Stochastic integration by parts problem I have a question regarding stochastic integration by parts. I am supposed to show that
\begin{align*}
    \int^t_{t-h} \sigma_s^2 \, ds &= \int_{t-h}^t (t-h-s) \, d\sigma^2_s,
\end{align*}
where $\sigma_t^2$ is an Itô process. By using the integration by parts formula I get
\begin{align*}
    \int^t_{t-h} \sigma^2_s \, ds &= t \sigma_t^2 - (t-h)\sigma_{t-h}^2 - \int^t_{t-h} s \, d\sigma^2_s. 
\end{align*}
If
\begin{align*}
    \int_{t-h}^t (t-h) \, d \sigma^2_s = t \sigma^2_t - (t-h)\sigma_{t-h}^2,
\end{align*}
then the desired equality holds, but I do not understand why this equality holds. Does anyone have any input?
 A: When $S_t=S_0+\int_0^ta_s\,ds+\int_0^tb_s\,dW_s$ is an Ito process, then it follows from Ito's formula applied to $f(t,x)=tx$ that
$$\tag{1}
d(tS_t)=t\,dS_t+S_t\,dt.
$$
This special case is also known as integration-by-parts.

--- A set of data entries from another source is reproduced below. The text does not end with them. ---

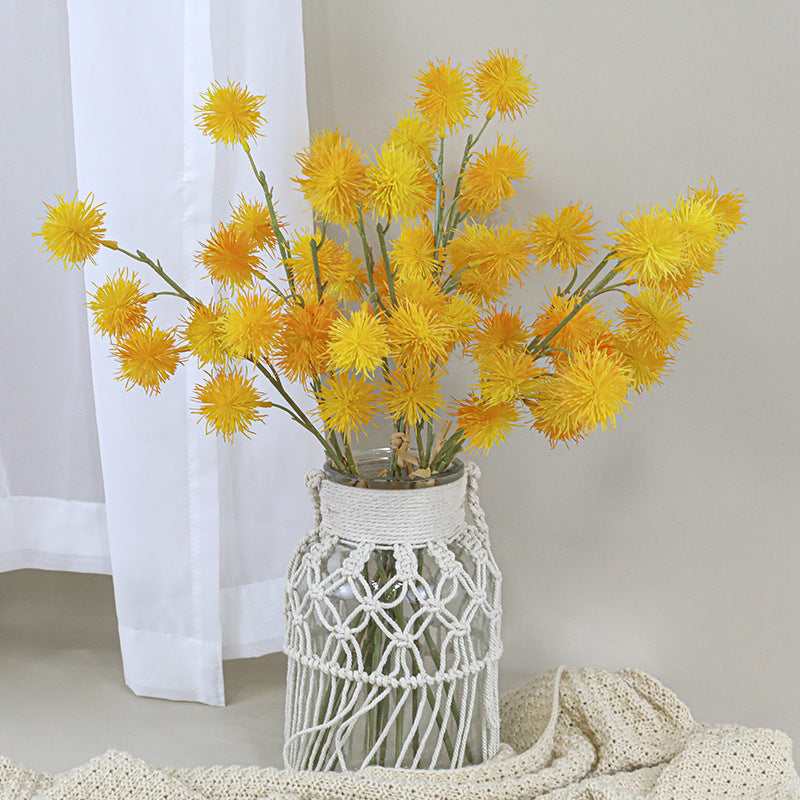 Faux Chestnut Ball Succulent Bouquet, 22" Real-Touch Decorative Plant for Home Decor, Weddings, Events, and Seasonal Arrangements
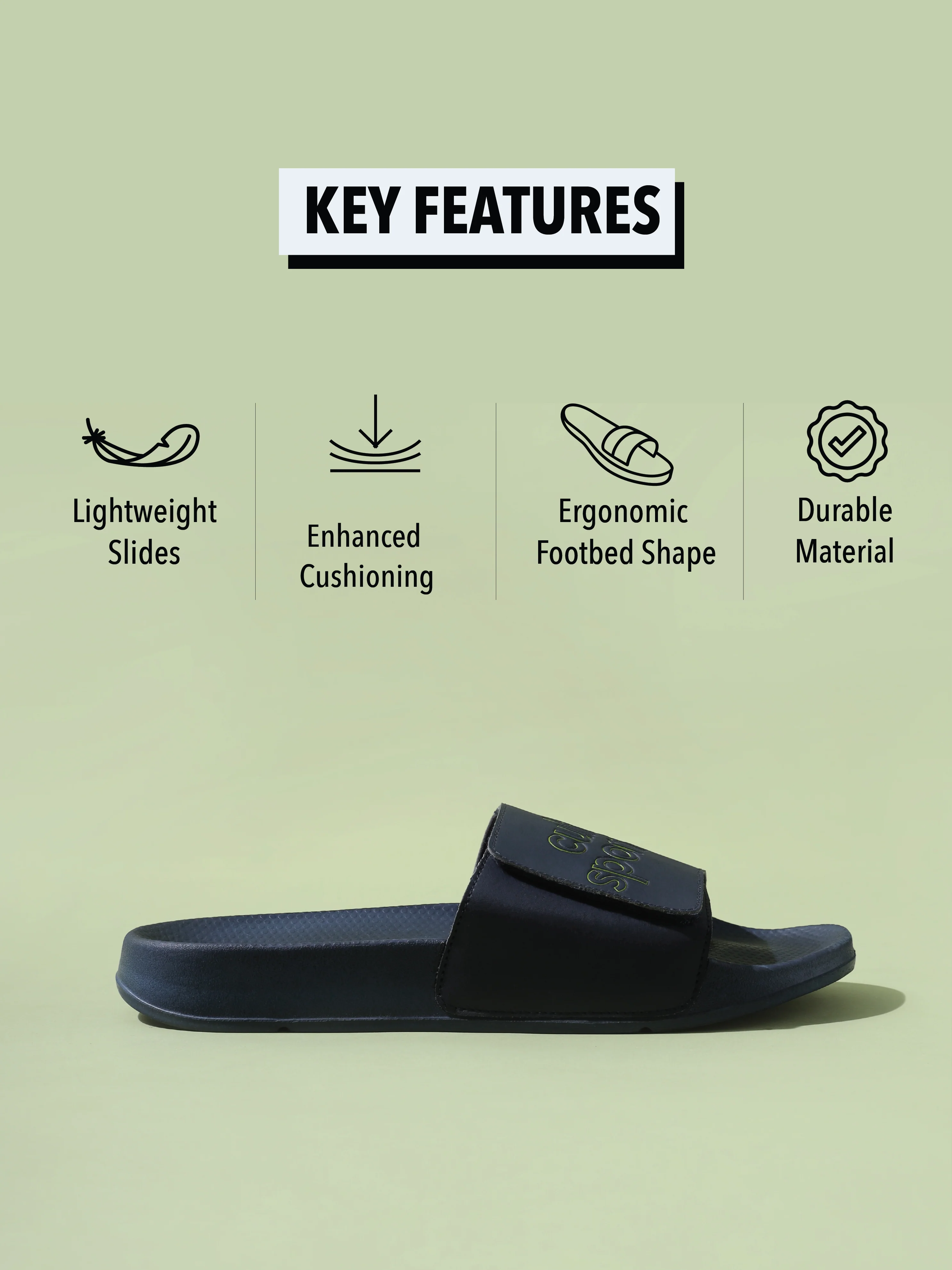 cult Glissade Navy Men Slides - Image 3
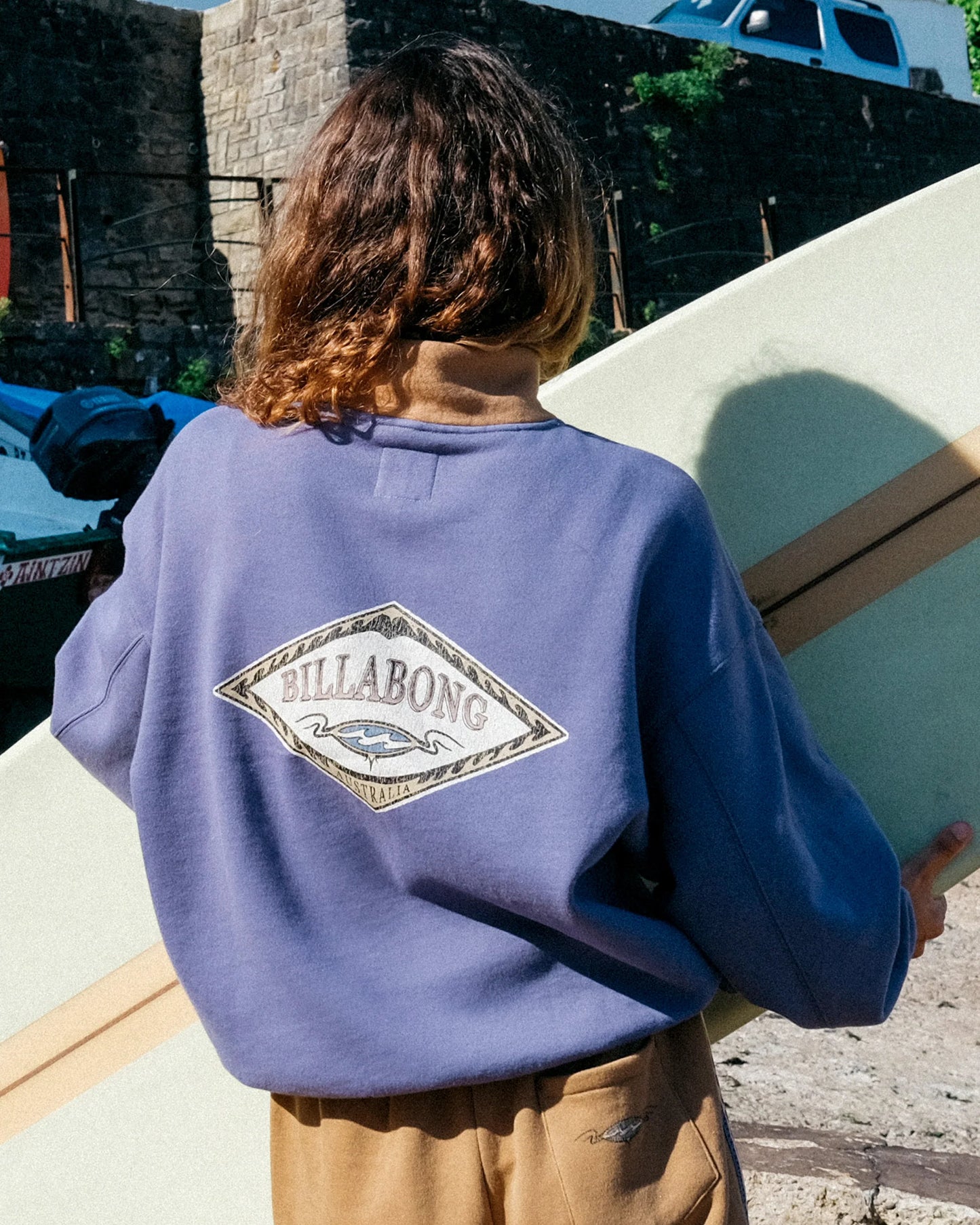 Wave Break Half Zip Crew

In integral form this is
$$\tag{2}
tS_t=\int_0^ts\,dS_s+\int_0^tS_s\,ds.
$$
Therefore,
$$\tag{3}
tS_t-(t-h)S_{t-h}=\int_{t-h}^ts\,dS_s+\int_{t-h}^tS_s\,ds\,.
$$
We can write the left hand side in a form that is more complicated:
$$\tag{4}
\int_{t-h}^tt\,dS_s+\int_0^{t-h}h\,dS_s+hS_0
$$
so that (3) becomes equivalent to
$$\tag{5}
\int_{t-h}^tS_s\,ds=\int_{t-h}^t(t-s)\,dS_s+\int_\color{red}{0}^\color{red}{t-h}h\,dS_s+hS_0\,.
$$

*

*The formula you are supposed to show looks wrong indeed because the integral with integrand $h$ has the wrong sign and the wrong integration limits.

The simplest version of this equation is in my opinion
$$\tag{6}
\int_{t-h}^tS_s\,ds=\int_{t-h}^t(t-s)\,dS_s+hS_{t-h}\,.
$$
A: Let me abbreviate $\sigma^2_s$ to $X_s$. Then (assuming $h>0$)
$$
\eqalign{
\int_{t-h}^t(t-h-s)dX_s 
&= (t-h)(X_t-X_{t-h}) -\int_{t-h}^t s\,dX_s\cr
&= (t-h)(X_t-X_{t-h}) +\int_{t-h}^t X_s\,ds-sX_s\Big|_{t-h}^t.\cr
&= (t-h)(X_t-X_{t-h}) +\int_{t-h}^t X_s\,ds-tX_t+(t-h)X_{t-h}.\cr
&= -hX_t +\int_{t-h}^t X_s\,ds.\cr
}
$$
Your formula is not quite right, in general.